The other driver was being pigheaded in the extreme!
Okay, the riders shouldn't have been two abreast on a road that can be busy but the other driver was obviously aware of them and you. He should have slowed down to allow you to pass.
I am a rider and live in area where seeing riders on the roads is common - I always give them a wide berth when overtaking and have rarely had less than the same courtesy extended to me.


----------



## Tails and Trails (Jan 9, 2014)

Hi guys I'm glad you said that. Thank you

What happened next was I eventually got round the horses back my own side of road and slowly set off.
I had my Windows down and I heard the three lady riders shouting and ranting at me

I pulled over and tried to ask what they are shouting at me for as I couldn't understand what they were saying with them all shouting at once.
It took me couple goes to get that out as I couldn't get a word in.

One then accuses me of deliberately riding from behind them into oncoming traffic endangering the lives of their horses

I was a bit gobsmacked and when I had explained the facts of me passing them slowly they replied when the other car blocked me I should have reversed back behind the horses


----------



## Wiz201 (Jun 13, 2012)

oh god, they were shouting at the wrong driver. What speed were you going at? I usually slow down to about 10 - 15 mph on a clear road around horses if I'm overtaking. Obviously slower than that if I'm waiting to pull out.


----------



## Tails and Trails (Jan 9, 2014)

10 or less


----------



## Wiz201 (Jun 13, 2012)

um, I always pull pass horses smoothly so going above 10mph would probably be safer. Doesn't excuse the behaviour of the other driver though


----------



## Tails and Trails (Jan 9, 2014)

Wiz201 said:


> um, I always pull pass horses smoothly so going above 10mph would probably be safer.
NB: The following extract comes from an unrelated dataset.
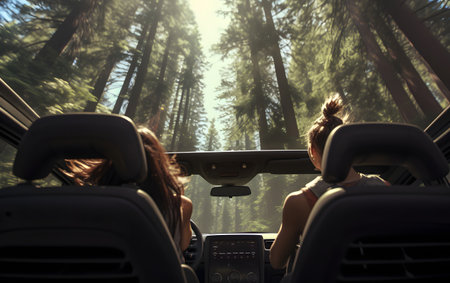 Rear view of two young women driving a car in the forestの素材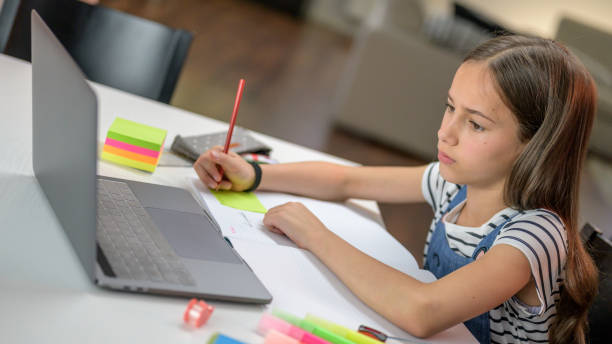 istock Girl attending to online school classes from home 1288690309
Doesn't excuse the behaviour of the other driver though


i was driving smoothly. they were two abreast also

seems a bit odd to me they abused the horse friendly driver.
clearly that jumped to the wrong conclusion. even when i explained the actual facts to them, they wouldnt stop their attitude.
after ranting about 'endangering them', seems a bit odd they then tell me I should have endangered them by reversing back around them.
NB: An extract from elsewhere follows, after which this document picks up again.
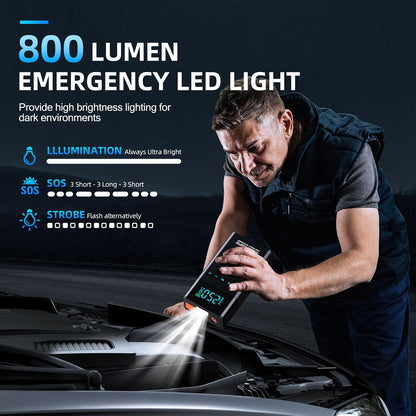 6000A Portable Car Battery Jump Starter with Air Compressor 160PSI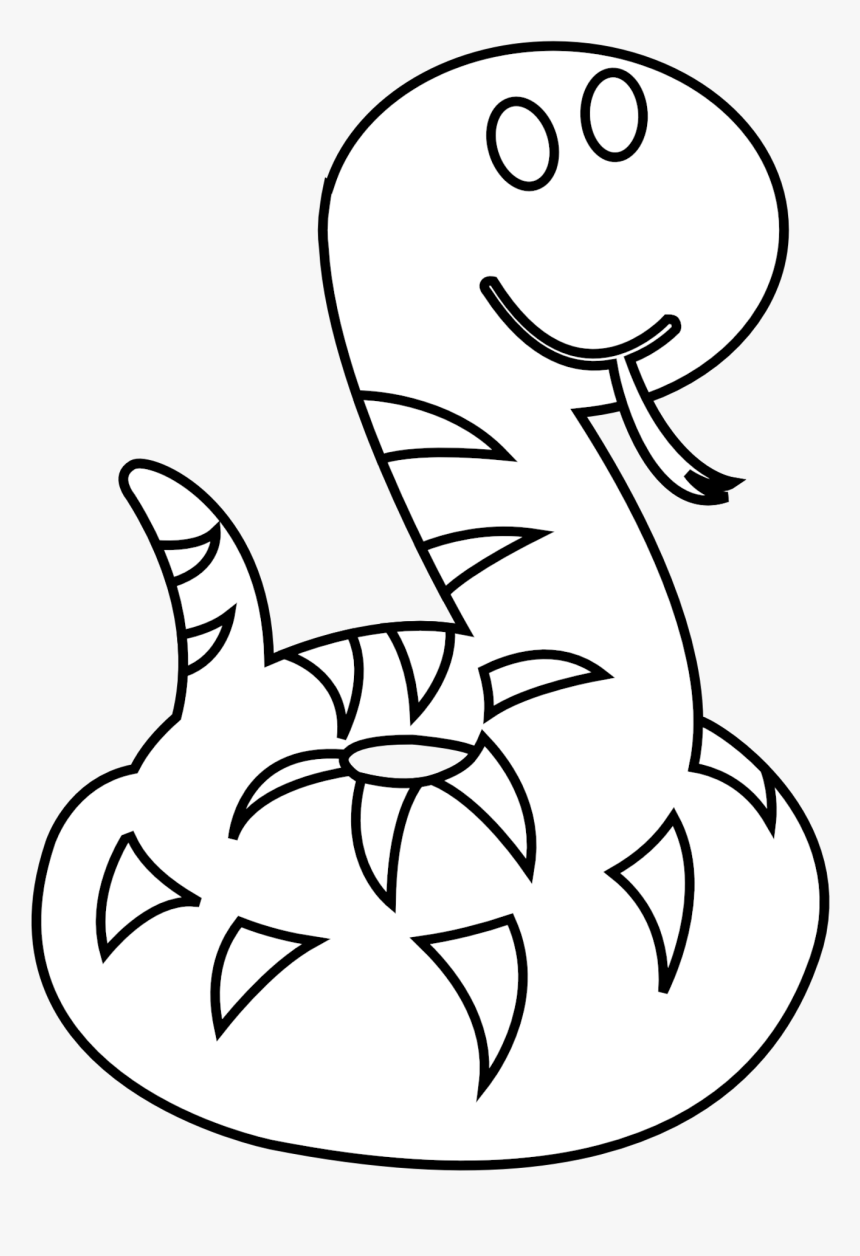 Snake Cartoon Png Black And White Clipart , Png Download - Black And White Snake Clip Art, Transparent Png, Free Download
I also got a spiel about how they have to deal with inconsiderate drivers putting them at risk.
but my thoughts are if thats the case, they shouldnt go round discouraging considerate drivers by being hostile toward them.
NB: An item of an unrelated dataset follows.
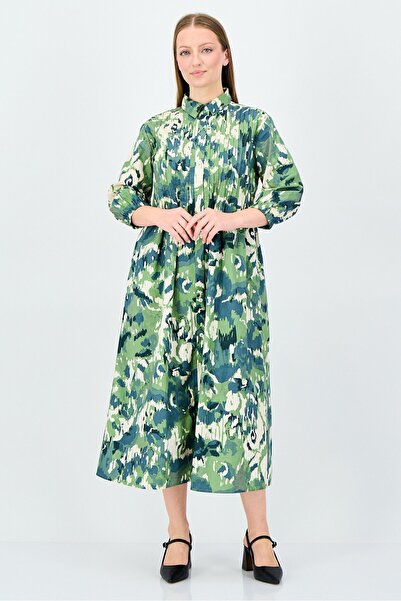 Anne Klein فستان قميص نسائي بطبعة كاملة، متعدد الألوان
the other matter of concern is that they clearly never noticed how I had been slowly overtaking them this whole time, even before the other car came into sight. seems strange to me that 3 horse riders dont even notice traffic, poor riding really.


----------



## Dingle (Aug 29, 2008)

Some people are just oxygen wasters and have no time or courtesy for others... I had an incident once where my young daughter (5 at the time) and I were out hacking, to get to the nice bridal way we had a short bit of rd to nip down so two abreast with me on the outside we headed down. Some silly couple in a posh 4x4 decide to blow their horn at us for being in their way. This caused my daughters pony to spook a little... Unluckily for them I had spotted this motor several times before as they live almost at the entrance to the woods, exactly where we were heading. They got a shock of their lives when i dismounted in their driveway and not so politely gave them a piece of my mind.


----------



## Tails and Trails (Jan 9, 2014)

Dingle said:


> Some people are just oxygen wasters and have no time or courtesy for others... I had an incident once where my young daughter (5 at the time) and I were out hacking, to get to the nice bridal way we had a short bit of rd to nip down so two abreast with me on the outside we headed down. Some silly couple in a posh 4x4 decide to blow their horn at us for being in their way. This caused my daughters pony to spook a little... Unluckily for them I had spotted this motor several times before as they live almost at the entrance to the woods, exactly where we were heading. They got a shock of their lives when i dismounted in their driveway and not so politely gave them a piece of my mind.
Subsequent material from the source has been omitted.